Helmholtz Zentrum, München, Ingolstädter Landstr. 1, Neuherberg, 85764, Germany.
Department of Medical Information Processing, Biometry and Epidemiology, University of Munich, Marchioninistr. 15, Munich, 81377, Germany.
Radiat Oncol. 2020 May 14;15(1):109. doi: 10.1186/s13014-020-01543-1.
Prognostic models based on high-dimensional omics data generated from clinical patient samples, such as tumor tissues or biopsies, are increasingly used for prognosis of radio-therapeutic success. The model development process requires two independent discovery and validation data sets. Each of them may contain samples collected in a single center or a collection of samples from multiple centers. Multi-center data tend to be more heterogeneous than single-center data but are less affected by potential site-specific biases. Optimal use of limited data resources for discovery and validation with respect to the expected success of a study requires dispassionate, objective decision-making. In this work, we addressed the impact of the choice of single-center and multi-center data as discovery and validation data sets, and assessed how this impact depends on the three data characteristics signal strength, number of informative features and sample size.
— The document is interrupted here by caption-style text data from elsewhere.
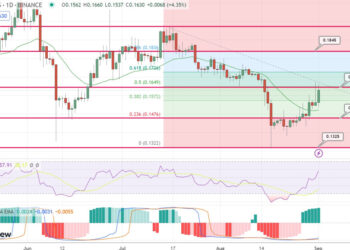 IOTA Price Prediction as $10 Million Trading Volume Comes In – Are Whales Buying?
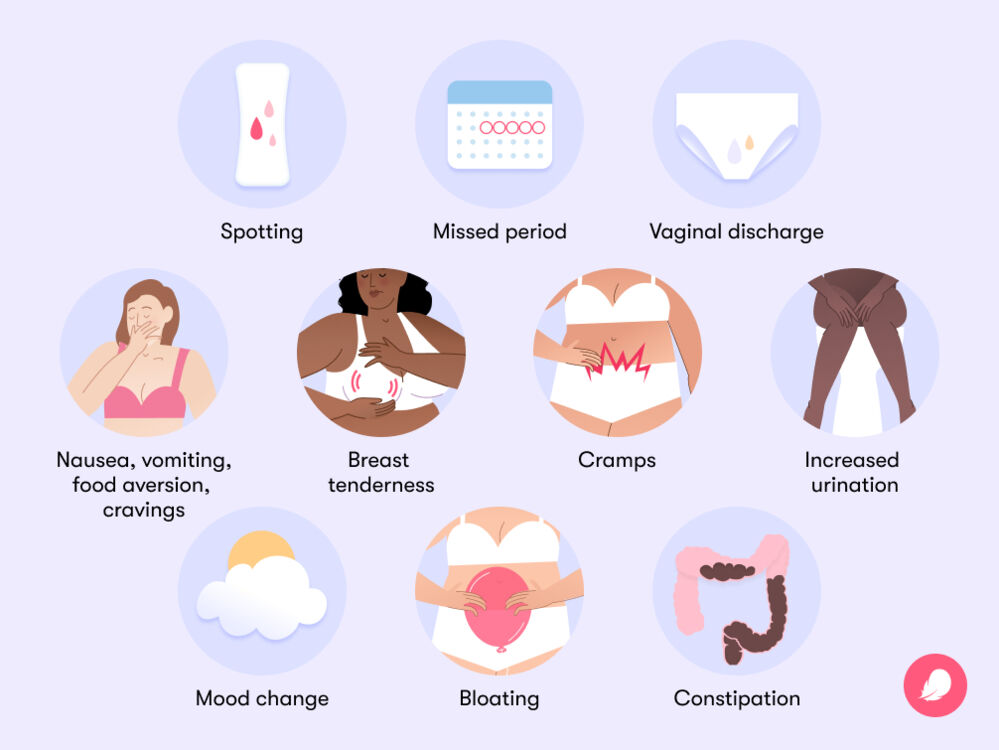 Some of the signs of pregnancy in women with irregular periods include spotting, breast tenderness, constipation, mood change and missed periods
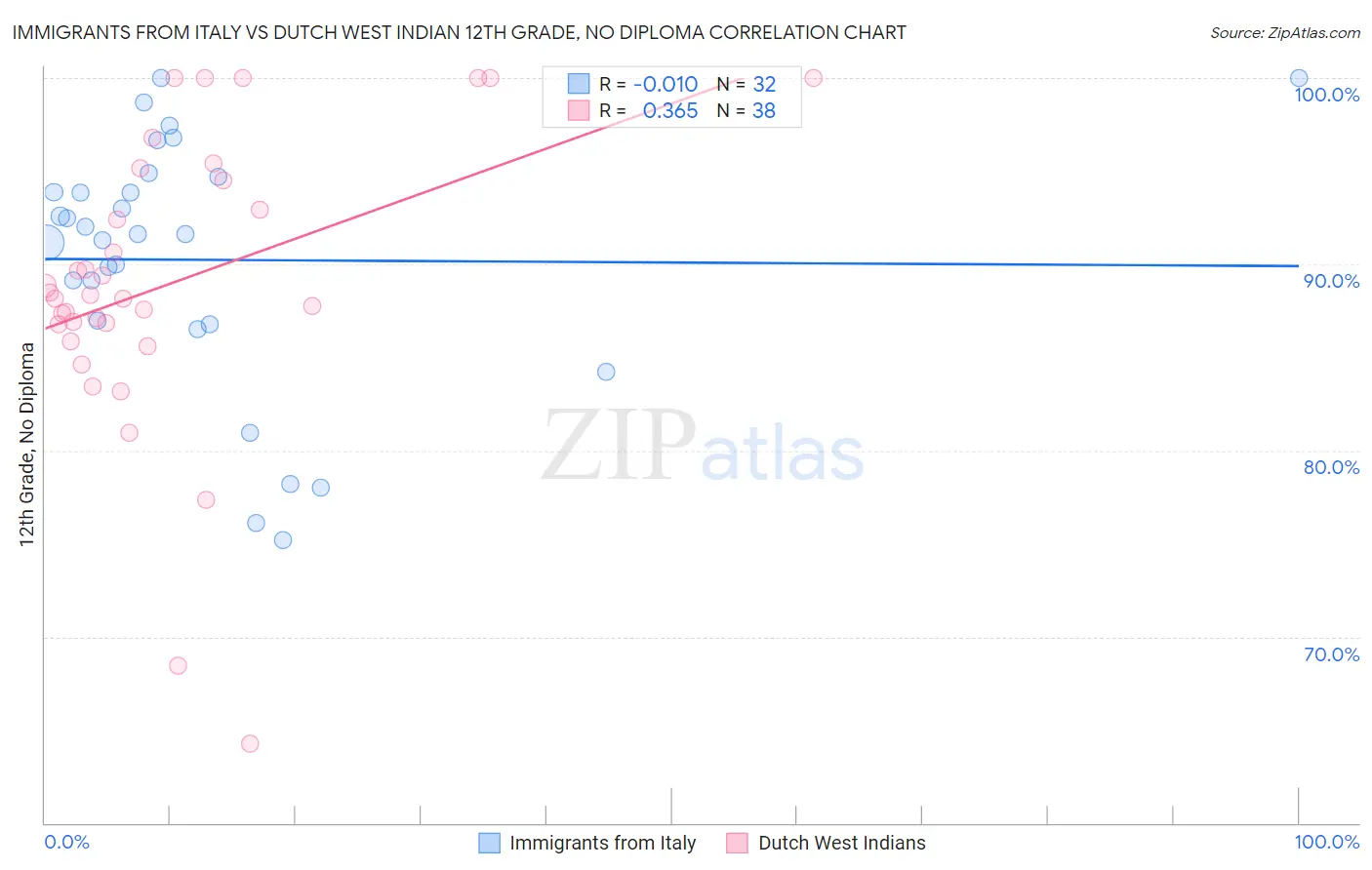 Immigrants from Italy vs Dutch West Indian 12th Grade, No Diploma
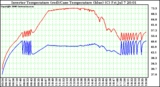 Solar PV/Inverter Performance Inverter Operating Temperature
We set up a simulation study to quantify the predictive performance of a model trained and validated on different combinations of in silico single-center and multi-center data. The standard bioinformatical analysis workflow of batch correction, feature selection and parameter estimation was emulated. For the determination of model quality, four measures were used: false discovery rate, prediction error, chance of successful validation (significant correlation of predicted and true validation data outcome) and model calibration.
In agreement with literature about generalizability of signatures, prognostic models fitted to multi-center data consistently outperformed their single-center counterparts when the prediction error was the quality criterion of interest. However, for low signal strengths and small sample sizes, single-center discovery sets showed superior performance with respect to false discovery rate and chance of successful validation.
With regard to decision making, this simulation study underlines the importance of study aims being defined precisely a priori. Minimization of the prediction error requires multi-center discovery data, whereas single-center data are preferable with respect to false discovery rate and chance of successful validation when the expected signal or sample size is low. In contrast, the choice of validation data solely affects the quality of the estimator of the prediction error, which was more precise on multi-center validation data.
基于从临床患者样本(如肿瘤组织或活检)生成的高维组学数据的预后模型,越来越多地用于预测放射治疗的成功。模型开发过程需要两个独立的发现和验证数据集。每个数据集可能包含在单个中心收集的样本或来自多个中心的样本集合。多中心数据往往比单中心数据更具异质性,但受潜在的特定于地点的偏差影响较小。为了实现研究的预期成功,最佳地利用发现和验证的有限数据资源需要冷静、客观的决策。在这项工作中,我们研究了选择单中心和多中心数据作为发现和验证数据集对模型预测性能的影响,并评估了这种影响如何取决于三个数据特征:信号强度、信息量特征的数量和样本量。
我们设计了一个模拟研究,以量化在虚拟单中心和多中心数据的不同组合上训练和验证的模型的预测性能。模拟了批量校正、特征选择和参数估计的标准生物信息学分析工作流程。为了确定模型质量,使用了四个指标:假发现率、预测误差、成功验证的机会(预测和真实验证数据结果之间存在显著相关性)和模型校准。
与关于签名通用性的文献一致,当感兴趣的质量标准是预测误差时,拟合多中心数据的预后模型始终优于其单中心对应模型。然而,对于低信号强度和小样本量,单中心发现集在假发现率和成功验证的机会方面表现出更好的性能。
就决策而言,这项模拟研究强调了在事先明确定义研究目标的重要性。最小化预测误差需要多中心发现数据,而在预期信号或样本量较低时,单中心数据在假发现率和成功验证的机会方面更具优势。相比之下,验证数据的选择仅影响预测误差的估计质量,多中心验证数据的估计质量更精确。